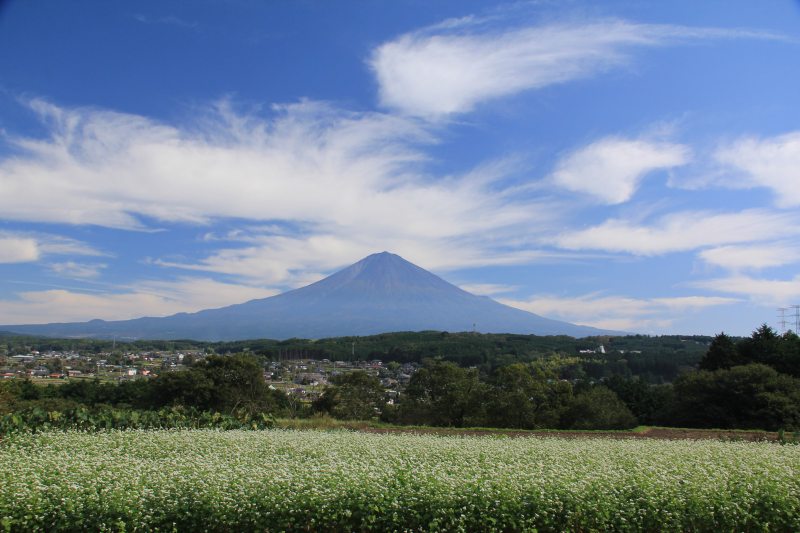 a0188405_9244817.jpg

□ □ □ □

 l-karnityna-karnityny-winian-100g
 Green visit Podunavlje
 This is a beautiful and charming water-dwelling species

□ □ □ □

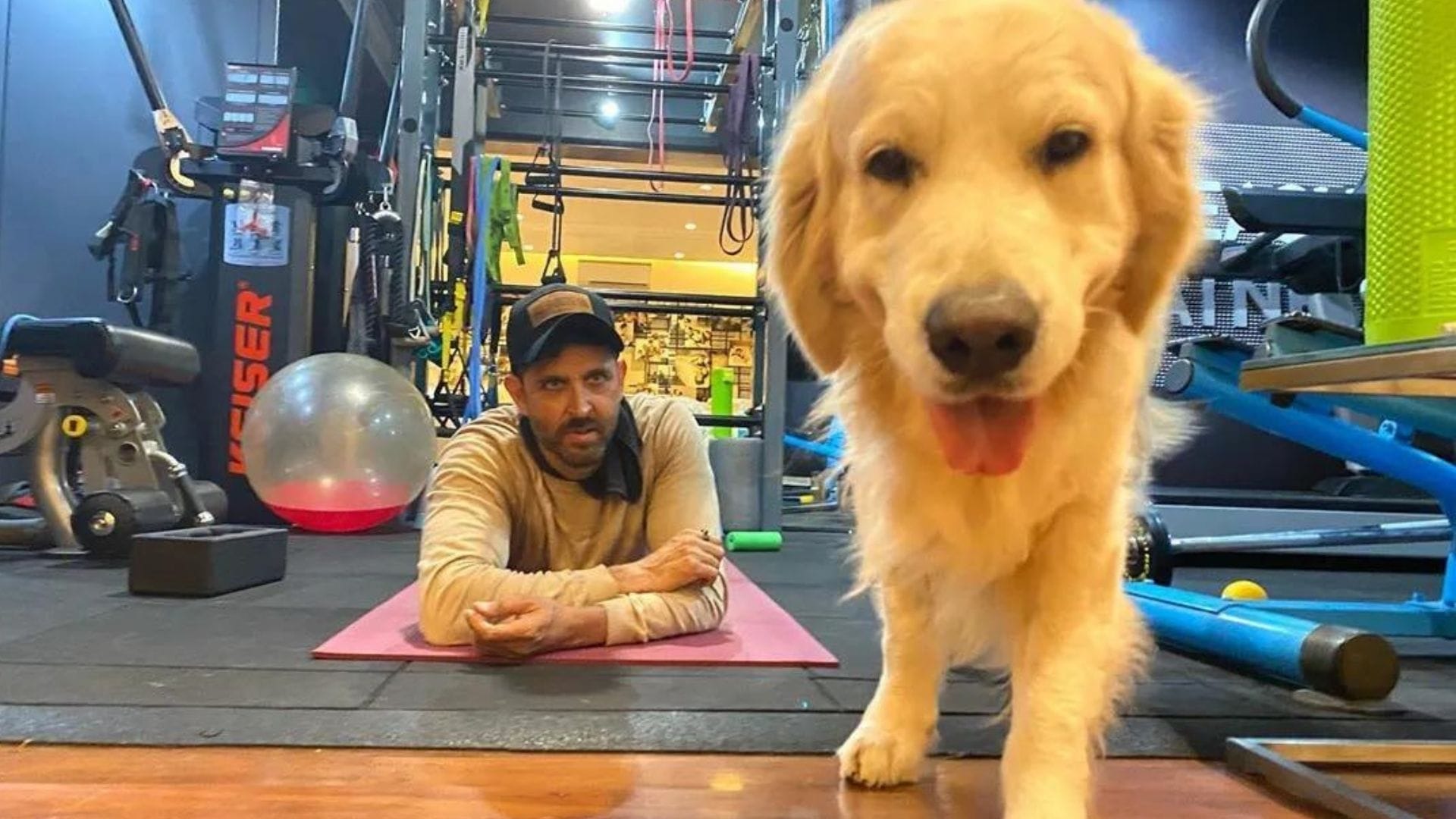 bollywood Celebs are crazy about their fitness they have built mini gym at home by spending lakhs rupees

□ □ □ □

## EXERCISE INSTRUCTIONS:
Copy out, word for word, the part of the entries above that begins at the line with "l-karnityna-karnityny-winian-100g" and ends at the line with "This is a beautiful", including both.

## EXERCISE SOLUTION:
 l-karnityna-karnityny-winian-100g
 Green visit Podunavlje
 This is a beautiful and charming water-dwelling species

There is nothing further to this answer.